Information provided →
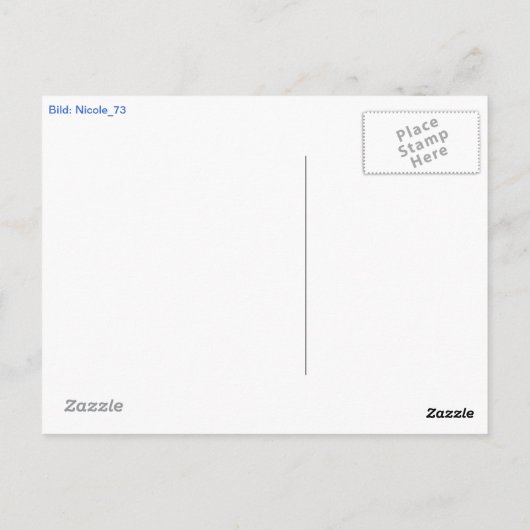 Carte Postale Soleil, plage et mer (Dos)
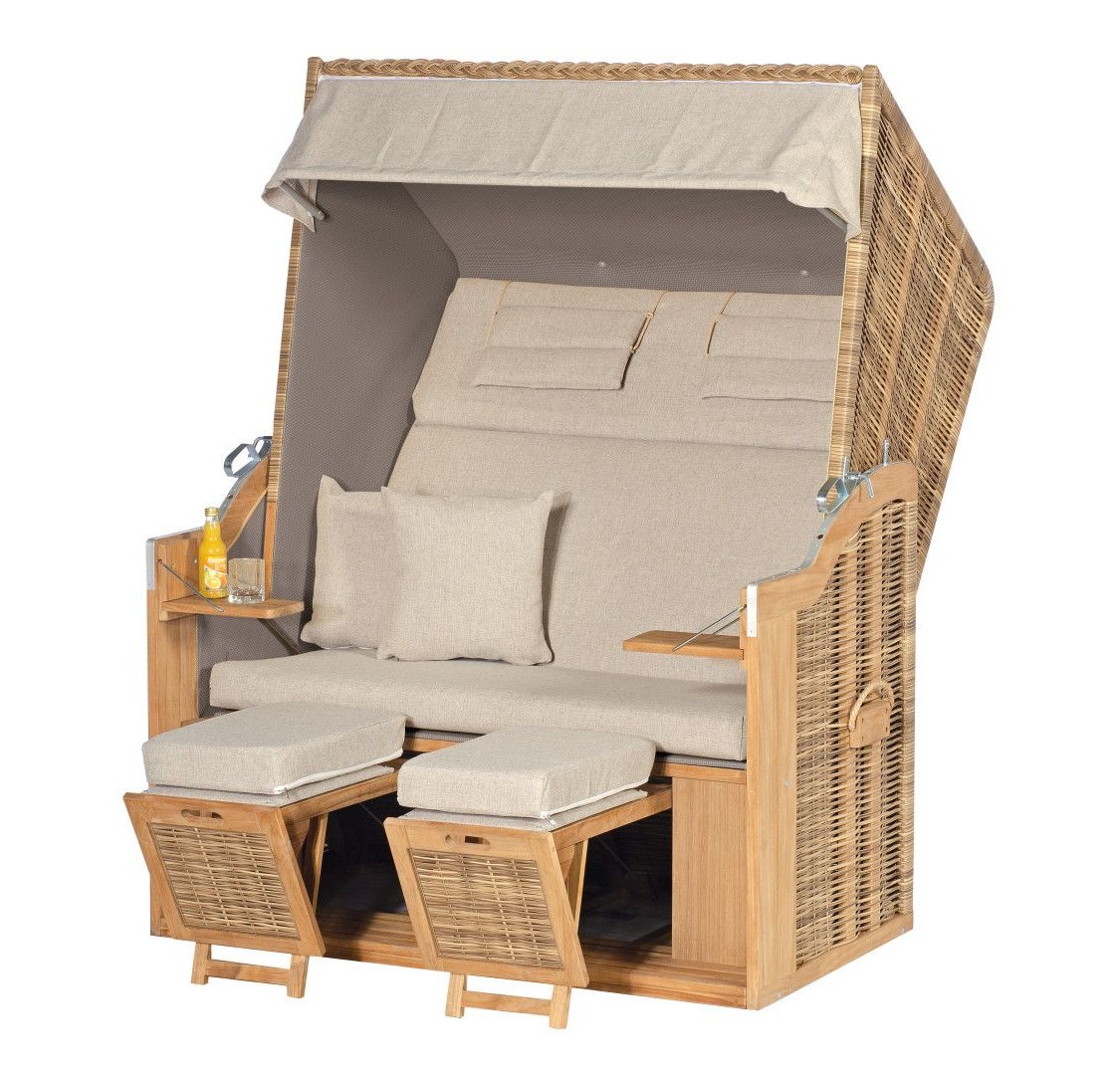 Strandkorb Rustikal 34Z XL Teak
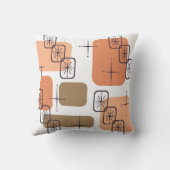 ミッドセンチュリーモダンオレンジブラウン クッション (裏面)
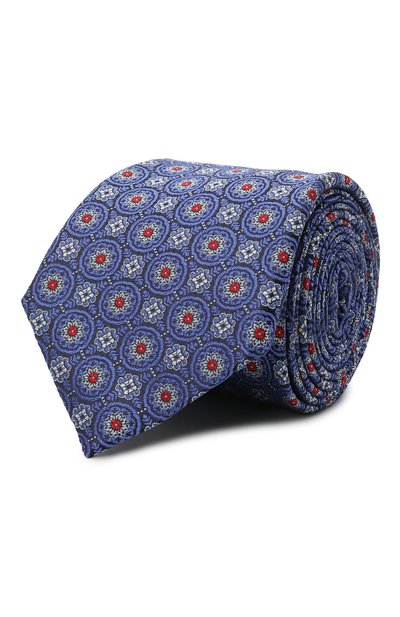 Мужской шелковый галстук CANALI, арт. 18/HJ03140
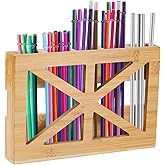 PEKER Straw Organizer for Cabinet Door, Peel and Stick Straw Holder with 5 Sections, Fast-Drying Ventilated Storage Rack for Reusable, Smoothie and Boba Straws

Task brief → Please reproduce verbatim the lines from the line with "ミッドセンチュリーモダンオレンジブラウン クッション (裏面)" through the final line of the listing, inclusive of both ends. Omit all pictures.

Expected answer →
 ミッドセンチュリーモダンオレンジブラウン クッション (裏面)
 Мужской шелковый галстук CANALI, арт. 18/HJ03140
 PEKER Straw Organizer for Cabinet Door, Peel and Stick Straw Holder with 5 Sections, Fast-Drying Ventilated Storage Rack for Reusable, Smoothie and Boba Straws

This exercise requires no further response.